Dave Sagan was that way. Maybe you didn’t like snakes. Maybe you even hated them. But for a few minutes, he could make you love them ... or, at least, you’d love listening to him talk about them. That was close enough.

Sagan passed away on June 8 at the age of 52. He was a longtime instructor for Hocking College’s School of Natural Resources and spent years at site manager for Hocking Woods Nature Center.

My introduction to Sagan came shortly after moving to Athens in 2013. I had a brief stint as a crime reporter back then, and a few weeks in I received a tip about a python missing from a trailer park. Its owner told law enforcement they could no longer afford to feed the 4-foot-6-inch python and initially tried to run it over with a lawn mower.

That plan was apparently unsuccessful and the python got away. The scared owner called the sheriff’s office, which knew to get in contact with “the snake guy.”

Sagan brought some of his Hocking College students to the trailer park in search of the python.

“It’s an African snake,” Sagan expertly told The Messenger, “so all the lush vegetation is going to compound the issue.”

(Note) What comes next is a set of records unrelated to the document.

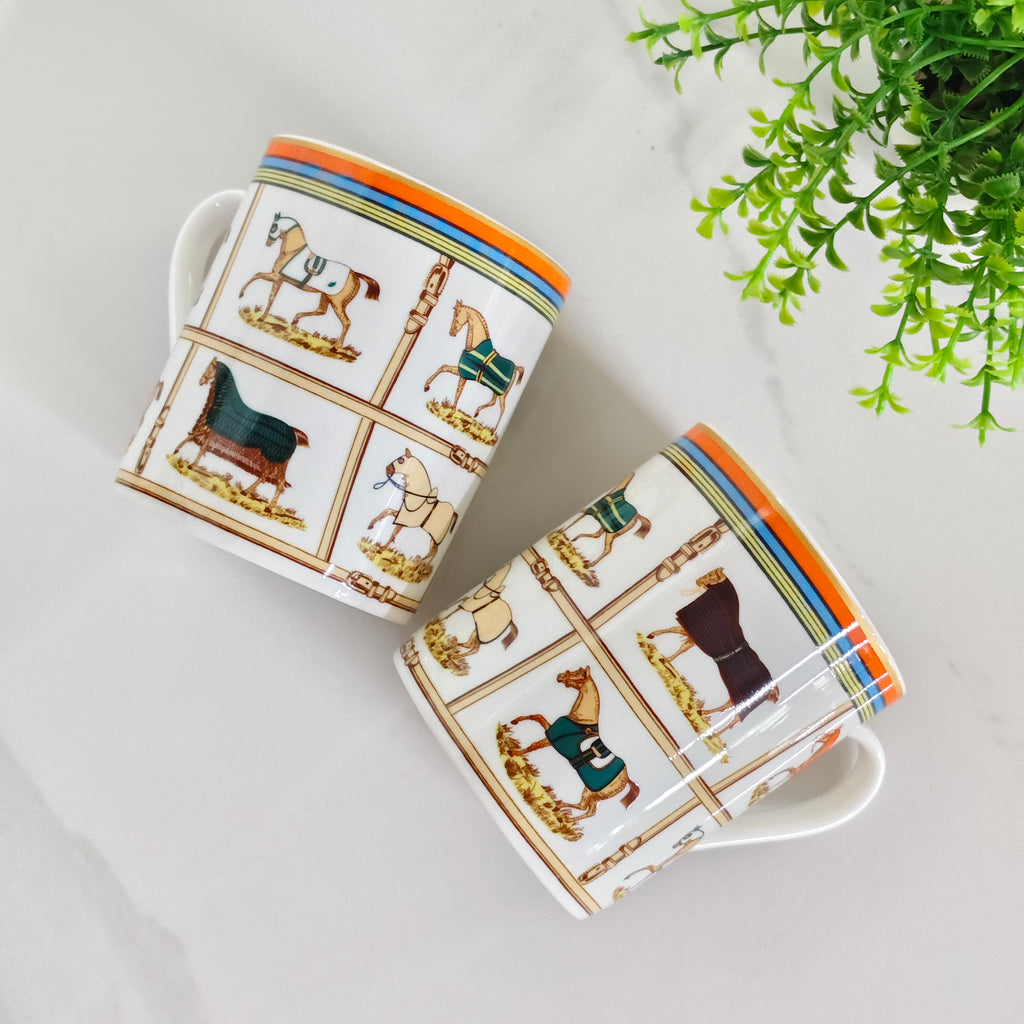"Ten Fine Steeds" Mug Set (Pair) – Leather Box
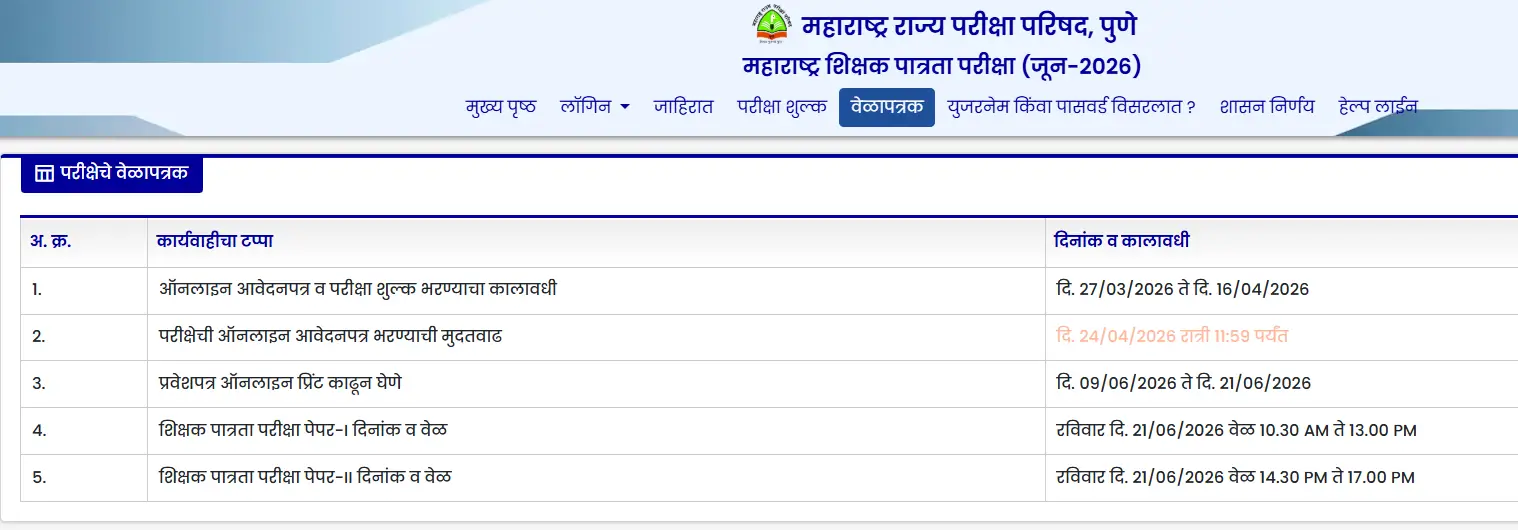 MAHA TET Exam Date 2026 Out, Eligibility Test on 21 June_2.1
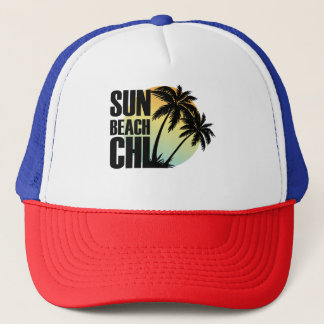 Grafische Cap Sun, Beach & Chill Palm Tree Truckerkappe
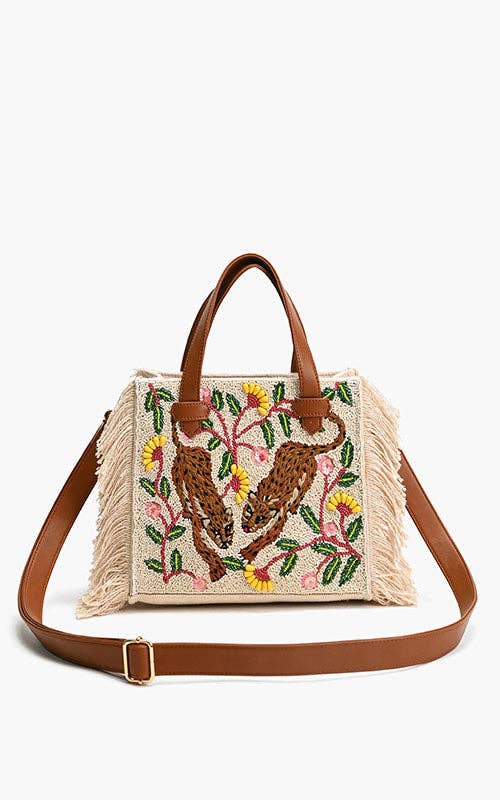 America & Beyond - Temur Leopard Fringed Tote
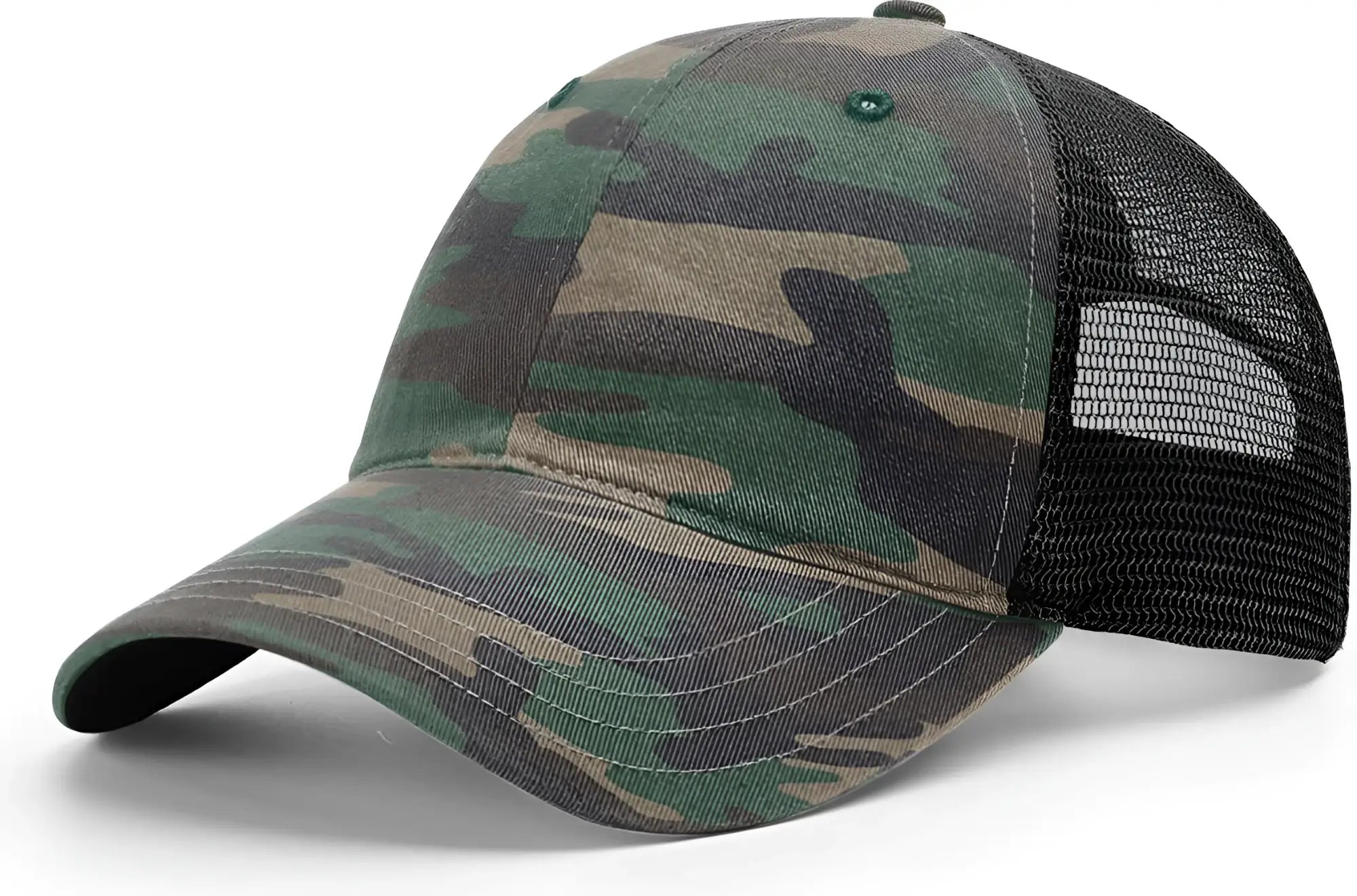 Richardson 111P Garment Washed Printed Trucker Cap - Green Camo Black - Green Camo Black / OSFM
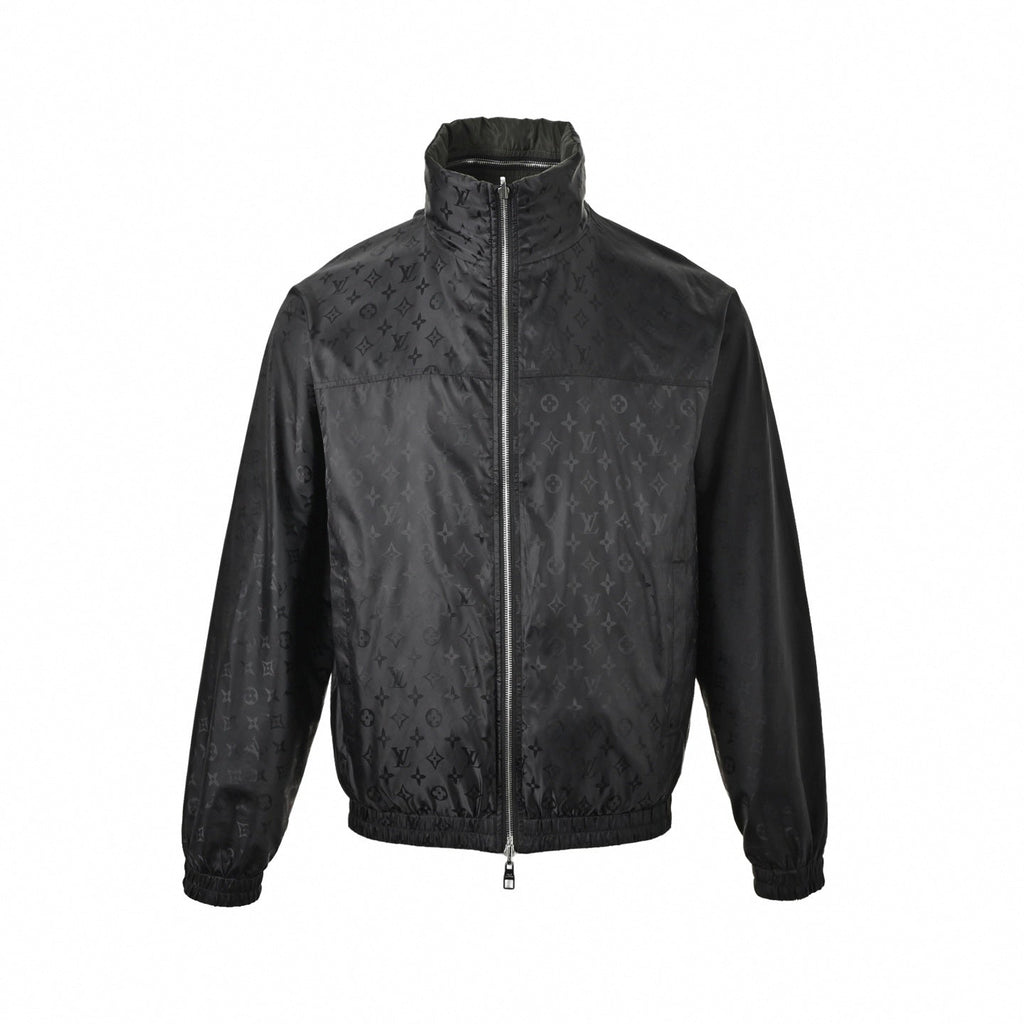 Reversible Tonal Monogram Jacket | Black & Olive Green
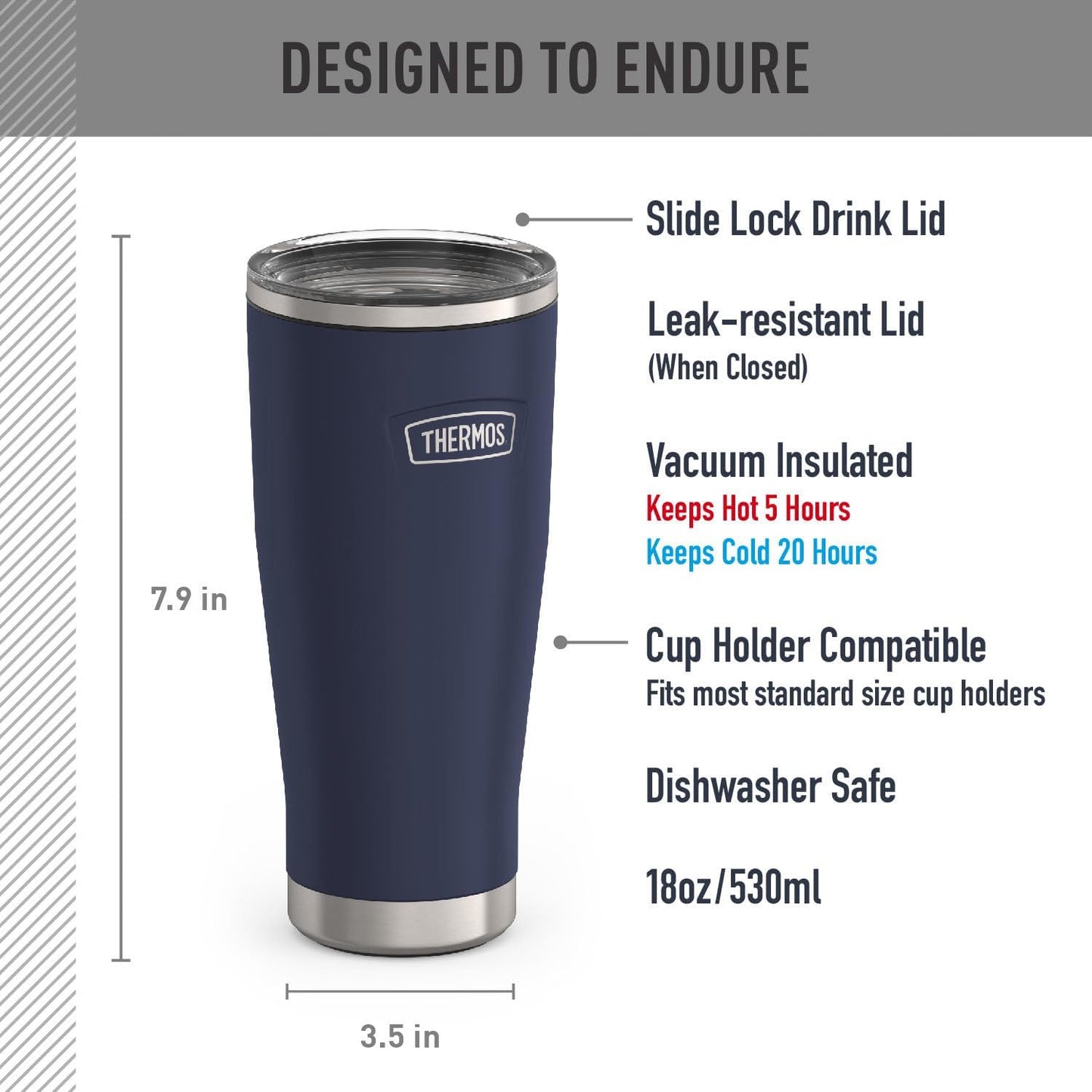 Icon Series 24oz Stainless Steel Tumbler with Slide Lock Lid, Leakproof, Fits Cupholder, Dishwasher Safe, Griptec™ Non‑Slip Base, Keeps Drinks Hot 6 Hrs/Cold 22 Hrs, Mystic Navy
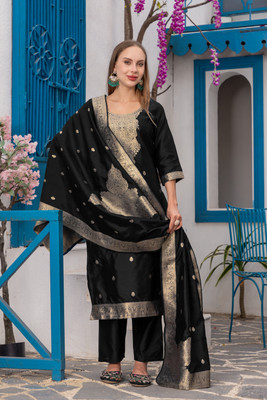 Ajantatextile Embroidered Kurta, Trouser/Pant & Dupatta Set
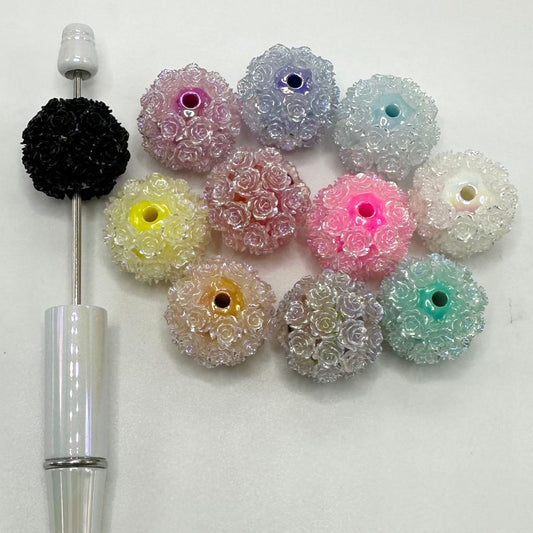 テクスチャー加工された花のカラフルなアクリルビーズ、鮮やかな色、20mm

Nearby residents were understandably worried about a python on the loose in their neighborhood, but Sagan assured everyone it was not a danger to the public. However, he did worry about it being scared and disoriented, so he kept up the search.

On the third day, Sagan peeked under the owner’s trailer and spotted a python’s nose. As it turned out, the animal was hiding underneath the trailer the whole time. Sagan took the snake back to Hocking College’s nature center.

That was my first time reporting on snakes, but not nearly the last. Every six months or so I’d bump into Sagan at a community event. After all, he was known as “the snake guy” for a reason. Sagan took snakes to Safety Town. He took them to libraries, to schools, even to the county fairgrounds.

In 2016, a sister publication to The Messenger hosted a big health fair in McArthur. We invited all sorts of public health agencies as well as some fun special guests, including Sagan. He loved showing off the snakes to children in an approachable, educational way. Some people can’t get their kids to brush their teeth or eat a vegetable. Sagan, meanwhile, had kids going from complete horror to giggling and petting snakes in a few short minutes. Passionate people are like that.

His impact on Southeast Ohio goes far beyond snakes — the animals were, I might suggest, merely an example for the joys of learning, of the need to overcome one’s fears, of the necessity for humans to respect and love the natural world.

What a world this would be if we all followed that example.